Soon after American President Donald Trump and Israeli officials claimed that Ayatollah Ali Khamenei had been killed, the Iranian Supreme Leader’s X account posted a cryptic message, advancing Iranian media’s claims that the 86-year-old might have survived the US-Israeli strikes in Tehran. The post, written in Persian, read: “In the name of Nami Haider (peace be upon him).”
به نام نامی حیدر علیهالسلام pic.twitter.com/n848j6KASq
— KHAMENEI.IR | فارسی (@Khamenei_fa) February 28, 2026
Meanwhile, Iranian media have dismissed Trump’s claim that Khamenei is dead. Citing a source close to Khamenei’s office, Iranian state media, IRNA, reported that the “leader of the revolution is steadfast and firm in commanding the field”.

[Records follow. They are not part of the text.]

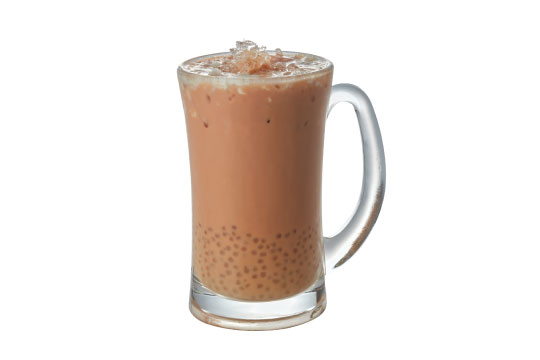 Siam More Thai Tea (Ice/Hot)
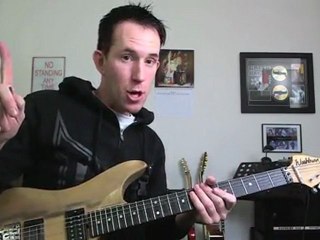 The "Satriani C Chord" Cm11 Lesson - Jamming Jazz Chord ...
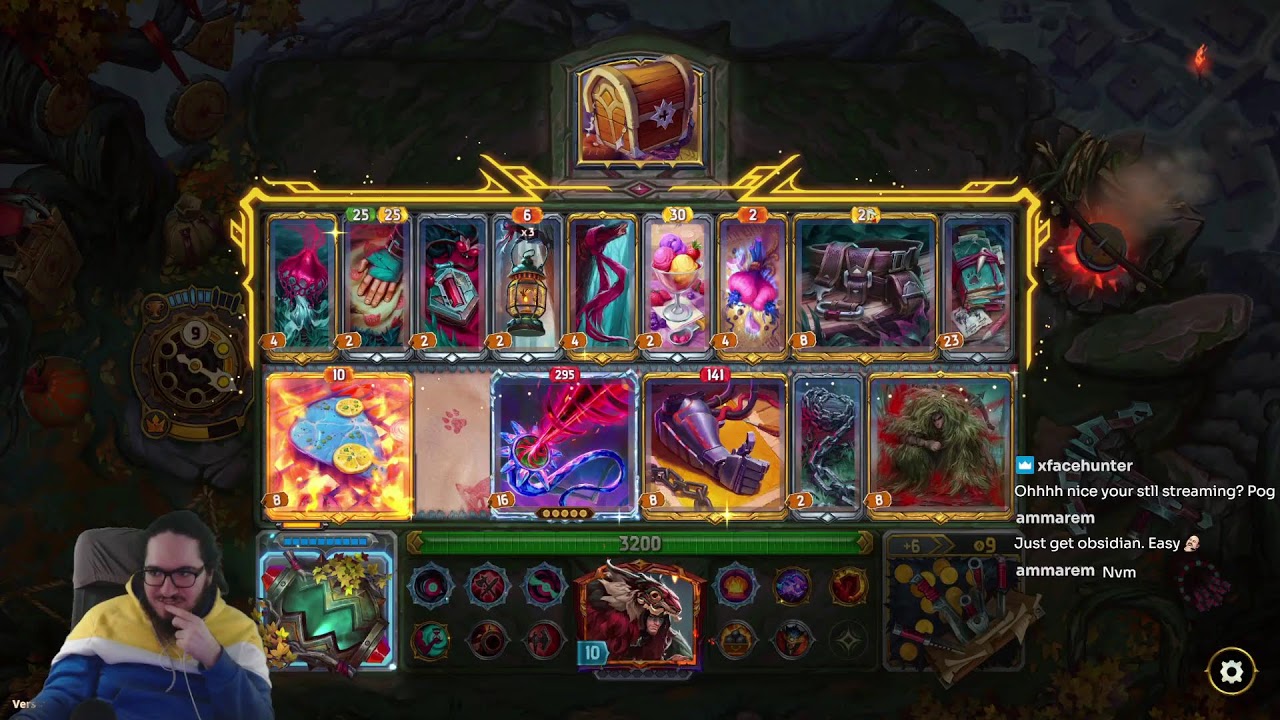 Karnok - Shotgun master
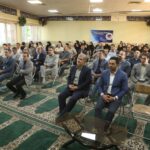 کارنامه شرکت آب منطقه‌ای قزوین در دولت چهاردهم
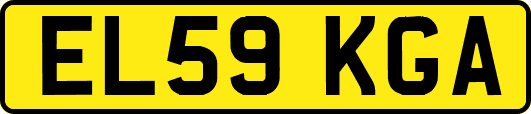 EL59KGA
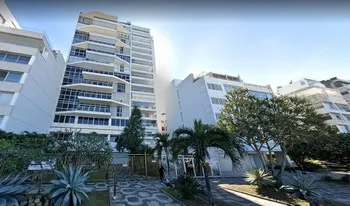 Condomínio Claude Debussy em Rio De Janeiro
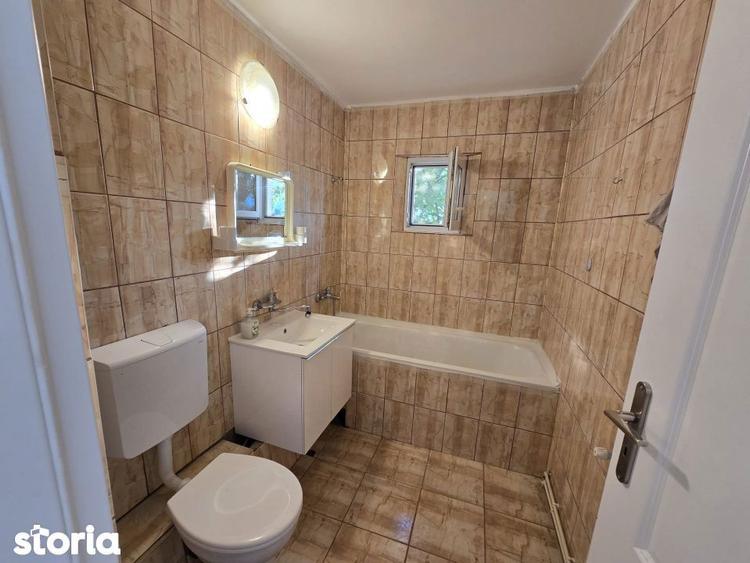 Apartament 2 camere | etaj 1/4 | Decomandat | 53 mp | Intre Lacuri - 4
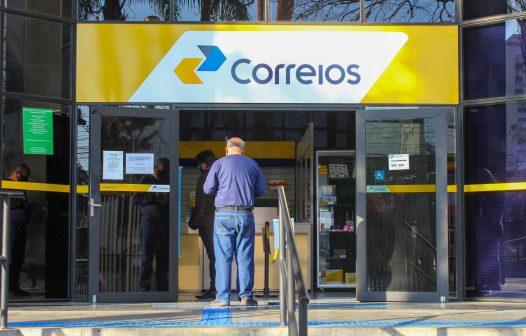 Funcionários dos Correios desistem de greve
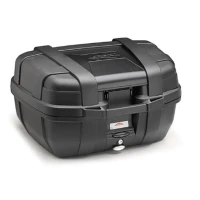 KAPPA 2024/04 КОФР ЦЕНТРАЛЬНИЙ 52L MONOKEY KGR52N GARDA BLACK LINE LITE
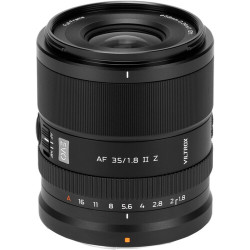 Viltrox 35mm f1.8 II EVO Lens (Nikon Z)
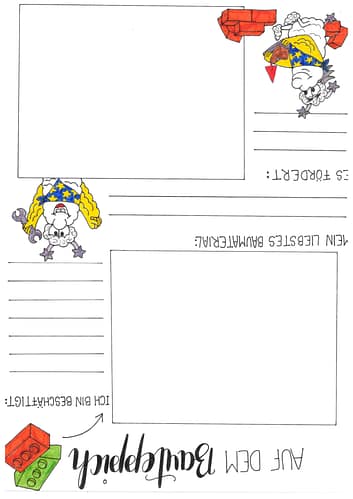 Portfolio "Bauteppich"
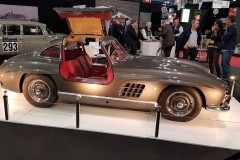 Rétromobile 2020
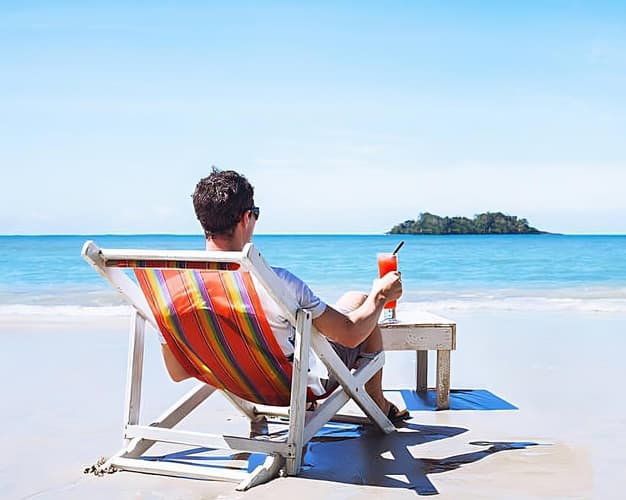 Imagen - Cancún desde Córdoba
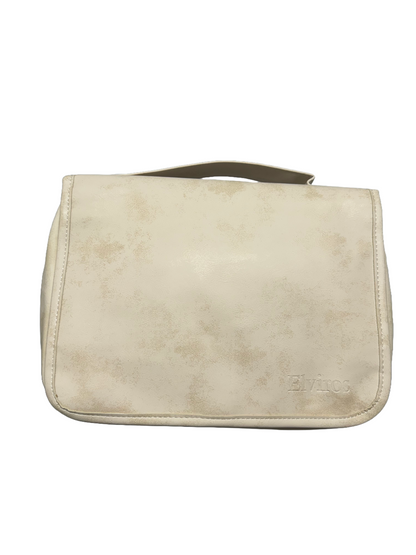 Elviros Water Resistant Hanging Toiletry Bag- $27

Iranian news agencies Tasnim and Mehr also made similar claims, while Iran Times, citing sources, said Khamenei was “completely safe and sound”.
Trump Says Khamenei Is Dead

Trump, who is monitoring the US-Israel joint operation against Iran from his Mar-a-Lago oceanfront resort in Florida, posted on Saturday afternoon that Iranian Supreme Leader Ayatollah Ali Khamenei had died in the strikes.

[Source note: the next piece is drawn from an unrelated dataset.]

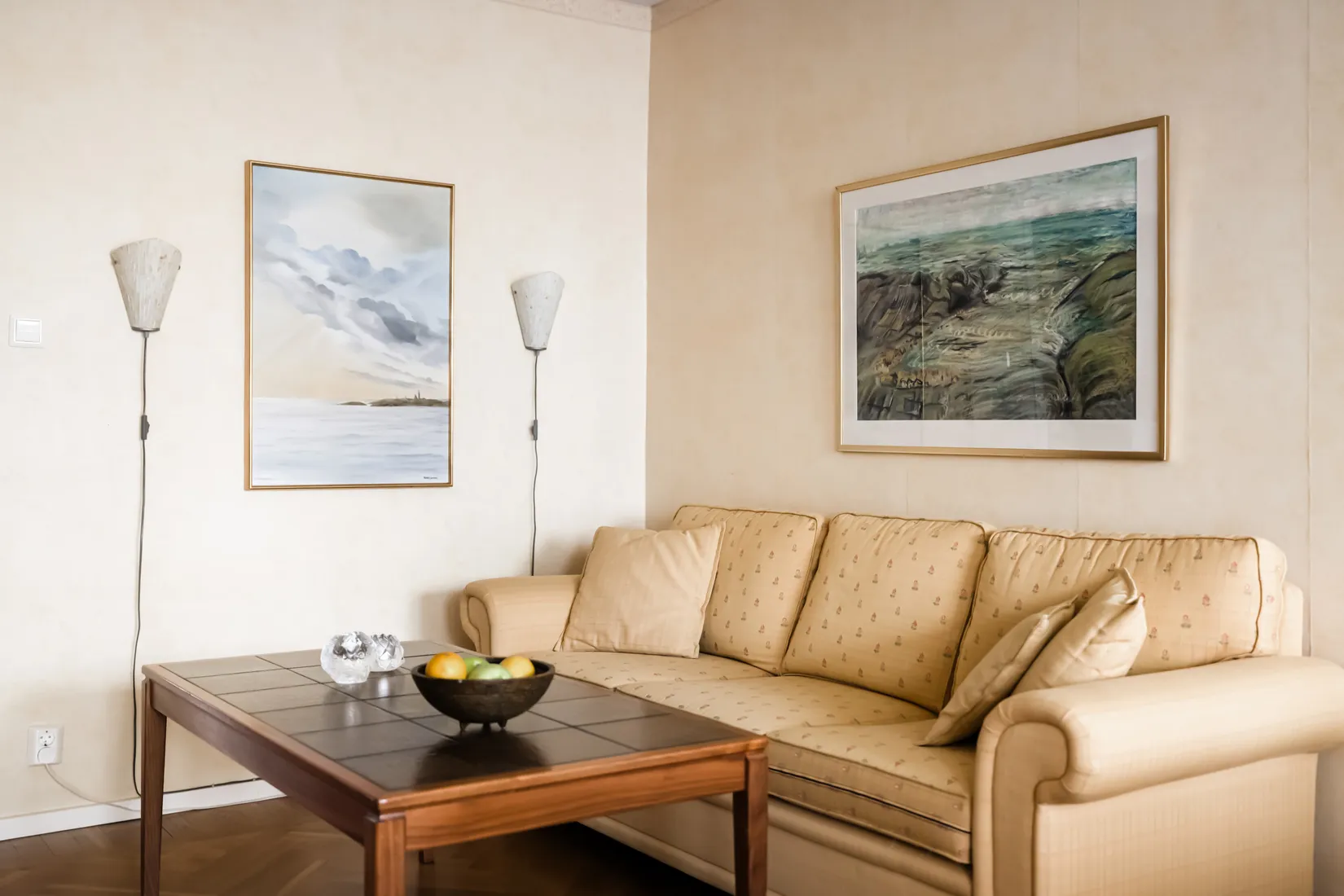 Bostadsrätt, Badvädersgatan 17, Biskopsgården, Göteborg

“This is the single greatest chance for the Iranian people to take back their Country,” the American commander-in-chief wrote on Truth Social after claiming Khamenei, whom he described as “one of the most evil people in history” was killed in an air strike.
Earlier, a senior Israeli official also told Reuters that Khamenei’s body had been found, and Trump concurred in a post on Truth Social.
“This is not only Justice for the people of Iran, but for all Great Americans, and those people from many Countries throughout the World, that have been killed or mutilated by Khamenei and his gang of bloodthirsty THUGS,” Trump wrote.
The United States believes Khamenei, along with five to 10 top Iranian leaders, was killed in an initial Israeli strike, according to a Fox News reporter.
About Ayatollah Ali Khamenei
Ayatollah Ali Khamenei, 86, has ruled Iran since 1989. As Supreme Leader, he holds ultimate authority over all branches of government, the military and the judiciary in the Shia Islamic republic.
He has been an inveterate foe of the West, crushing internal opposition while supporting proxy forces across the region in the hope of making his country respected and feared.
If confirmed, Khamenei’s death would represent a massive blow to the Islamic Republic that he had led since 1989, a decade after rising to prominence in the theocratic revolution that toppled Iran’s monarchy and rocked the Middle East.
Khamenei had survived foreign pressure before but, even before Saturday’s attack, he was facing the gravest crisis of his 36-year rule, attempting to spin out negotiations with the United States over Iran’s nuclear programme. Already this year, he had ordered the deadliest crackdown since the 1979 Islamic Revolution, saying those protesting nationwide, initially against soaring prices, “should be put in their place” before security forces opened fire on demonstrators chanting “Death to the dictator!”.
And only last June, Khamenei had been forced into hiding during 12 days of airstrikes by Israel and then the US that killed several close associates and Revolutionary Guard commanders and smashed prized nuclear and missile facilities.
That assault was among the many indirect results of the attack on Israel by the Iranian-backed Palestinian group Hamas on October 7, 2023, which not only triggered the war in Gaza but also spurred Israel to hammer Tehran’s other regional proxies.
With Hezbollah weakened in Lebanon and Syria’s Bashar al-Assad toppled, Khamenei’s reach across the Middle East was stunted, while the US demanded he abandon Iran’s last major strategic lever – its ballistic missiles.
Khamenei refused to even discuss giving up missiles, which Iran saw as its only remaining deterrent to Israeli attack, a display of intransigence that may have helped invite the airstrikes that targeted him.
As the US military massed air and naval forces in the region, Khamenei’s calculations drew on a character moulded by revolution, years of turmoil and war with Iraq, decades of sparring with the US, and a ruthless accumulation of power.
While elected officials managed day-to-day affairs, no major policy – especially one concerning the United States – could proceed without his explicit approval; Khamenei’s mastery of Iran’s complex system of clerical rule combined with limited democracy ensured that no other group could challenge his decisions.